To date, the company has completed and handed over six phases at Yarra Park and five phases at Iringan Bayu.

In January, OSK Property launched Northfield Zone 3 in Yarra Park, which comprises 171 units of 1-storey terraced houses that have a total GDV of RM53.14 million. At Iringan Bayu, the developer launched Erama 8B2 in February and Gitaran 8D in May. The former, with a GDV of RM41.3 million, comprises 56 units of 2-storey semidees while the latter, with a GDV of RM161 million, comprises 316 units of 2-storey terraced houses.

One of the company’s ongoing developments, YOU CITY III in Cheras 9th Mile, is 70% constructed and 99% sold. “As we speak, there are six units left, which are waiting for [loan application approvals]. We are targeting to complete YOU CITY III in 1Q2024,” says Ong.

Part of the developer’s RM1.2 billion 20-acre YOU CITY township, YOU CITY III has a GDV of RM492 million and comprises 800 serviced apartments in two 39-storey towers. Units have built-ups of 678 to 1,776 sq ft and are priced from RM438,800 to RM1.22 million.

Meanwhile, Phase 1 of its A$2.9 billion Melbourne Square project in Australia is 80% sold and was completed and handed over to buyers in 2020. “Melbourne Square has six towers and is one of the biggest integrated developments in the city of Melbourne. So far, we have completed two apartment towers,” says Ong.

He adds that there will be another office tower, hotel tower and two apartment towers in the development.

On the home front, the developer is facing several challenges, including the rising cost of construction materials and the shortage of construction workers. “These two challenges contribute to an increase in our costs, which makes it challenging to price ourselves lower,” says Ong.

One of its strategies is the OSK PropCon model, where it synergises two of its business pillars, property development and construction, he says. “We started this in 2017 and since then, our construction team has been working together with the property team to come up with designs that are easy and inexpensive to build. We don’t want to have difficult designs that are very expensive to build but that don’t give much value to our customers.

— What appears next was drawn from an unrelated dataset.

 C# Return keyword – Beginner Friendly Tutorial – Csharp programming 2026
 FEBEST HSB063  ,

“Being builders ourselves, we have full control of the quality, and we can control our costs better and ensure timeliness in delivery. We’re happy to share that projects that were completed over the past two to three years under the PropCon model have achieved a minimum Qlassic score of 80%, except for TimurBay in Kuantan, which scored 76% but is still the highest for that location.

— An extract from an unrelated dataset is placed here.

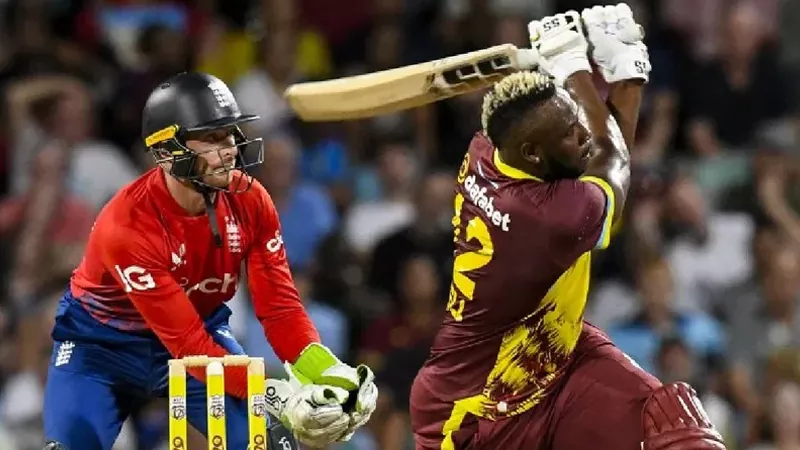 Russell's Return Seals West Indies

“In terms of delivery, none of the projects was delayed. This is what the PropCon model has helped us to achieve, and it is something we are very proud of.”

In terms of land bank, OSK Property has about 1,978 acres of undeveloped parcels in Malaysia and Melbourne, which translates into a GDV of RM14.7 billion.

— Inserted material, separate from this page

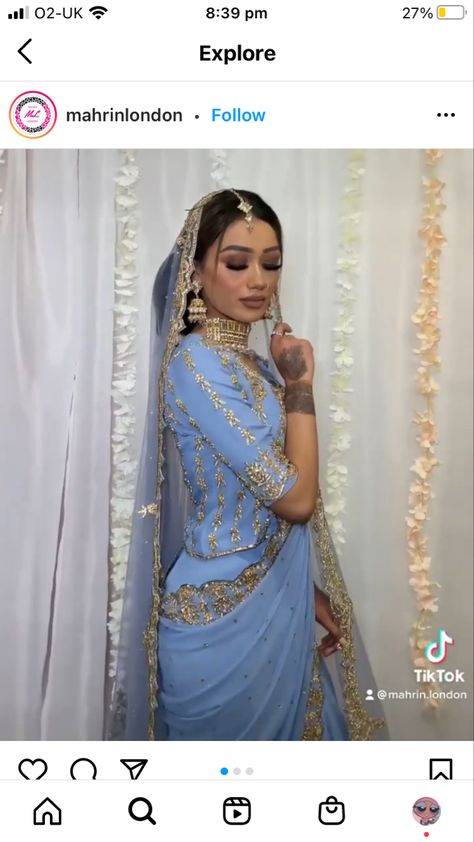 Dekha Dekhi Outfit, Hijabi Lehenga, Desi Hijabi, Asian Fits, Eid Fits, Nikkah Outfit, Designer Dresses Couture, Eid Outfit Ideas, Desi Fits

“As a property developer, we don’t stop looking for land. We feel that we will need to have at least one to two more townships, as during the worst of times, our township developments surprisingly have done exceptionally well. This has prompted us to focus on looking for more township land outside the Greater Klang Valley,” says Ong.

“We have another piece of land [measuring 4.35 acres] in Taman Melawati, just across the road from LEA by the Hills. If LEA does well, we plan to launch our second project there. We also have a new 15.4-acre parcel in Shah Alam near the stadium that we bought from Naza TTDI and another 10-acre tract in Sentul.”

Moving forward, OSK Property remains committed to building affordable homes. “In every location we go to, we talk about essential homes and ensure that we control our costs. We want to develop products that we can price affordably, which means when compared with similar products in that location, our prices are set to be fair,” he says.

“For example, we are conscious of the type of facilities we provide and the cost of maintaining these facilities. Our focus remains the same, with the goal of providing value-focused products in each location we are in.”